I love how cinematic it is, almost like one of those late 60s gritty British dramas by Ken Loach, like Poor Cow, or Kes. The lyrics evoke bleak landscapes of underdeveloped council estates, the mundanities of street sounds and background noise, and of feelings of ‘wishing you were far away’. As you listen, you mind sort of fills in the gaps, and populates the landscape with characters moving through it, the ones who live with the boredom, the violence, and the underlying need to experience something new. I suppose this is a very rock n roll song, in that pretty much every major rock n roll musican came out of places like this, and looked to the music as a means of getting out of that world and into a wider, less predictable one.
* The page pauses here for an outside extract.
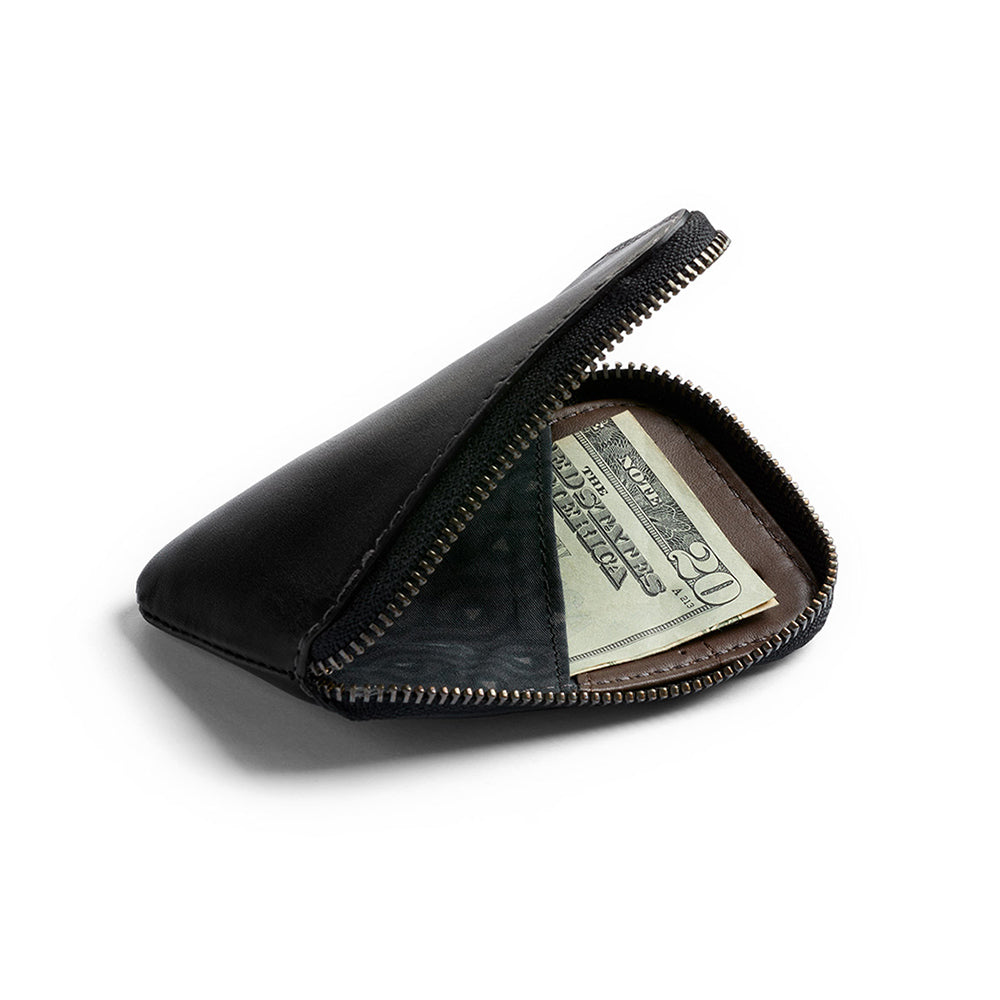Unzipped card pocket with cash inside.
Here’s a clip of the Jam performing their (arguably) best single, ‘That’s Entertainment’.

To view the clip, hover over the image and click the ‘play’ icon. To enlarge the viewing screen, click the magnifying glass icon. Alternatively, click on the image and view the clip in a new browser window. Enjoy!

The Jam

And just as a footnote, people, Rick Buckler and Bruce Foxton of the aforementioned Jam are touring. Check out this release for details. Hugh Cornwall, formerly of The Stranglers is opening!

The Song In My Head Today: ‘Jolie Louise’ by Daniel Lanois

Daniel Lanois AcadieYesterday, I was once again aware of a phenomenon that a friend of mine once described as “Jungian Radio”, an avenue to the collective unconscious. This is a fancy name for a song that pops into your head for no apparent reason and stays there for a long enough period of time to make it notable. Sometimes, it’s welcome and sometimes it’s not. But, I thought I’d write about a few of the welcome ones. And this is the first in a possible series.

‘Jolie Louise’ by Daniel Lanios, from the album Acadie.

I always liked this one, for a number of reasons. First, its another story-song, which is a weakness of mine. Second, it sounds like a Acadian folk song and it isn’t; Lanois wrote it, and he’s from Hamilton, Ontario. Third, it’s not of its time in that there’s nothing late 80s about it. I like songs that are written without a date stamp on them. Fourth, this tune is about as far from Lanois’ style as a producer as you can get, the flavours of which are on Lanois-produced albums like Peter Gabriel’s So, U2’s The Joshua Tree, Bob Dylan’s Oh Mercy, and Emmylou Harris’ Wrecking ball, among others.

His production style is distinctive – lots of echo, tremolo, and ambient tones. This atmosphere is evident on Acadie as a whole, but not on this little song, which is like a little oasis of simplicity in the middle of some very slick production on the rest of the record. There are light touches of gentle electric guitar, brushes on snare, and Cajun/Acadian accordion. Lanois was based in New Orleans for a long time, which may have inspired the sound. The song is basically folk tune about a working class guy who loses everything when he takes to the drink. The tale is told to a gentle, jaunty singalong melody, yet is infused with pathos too. It’s one of the happiest sad songs I can think of.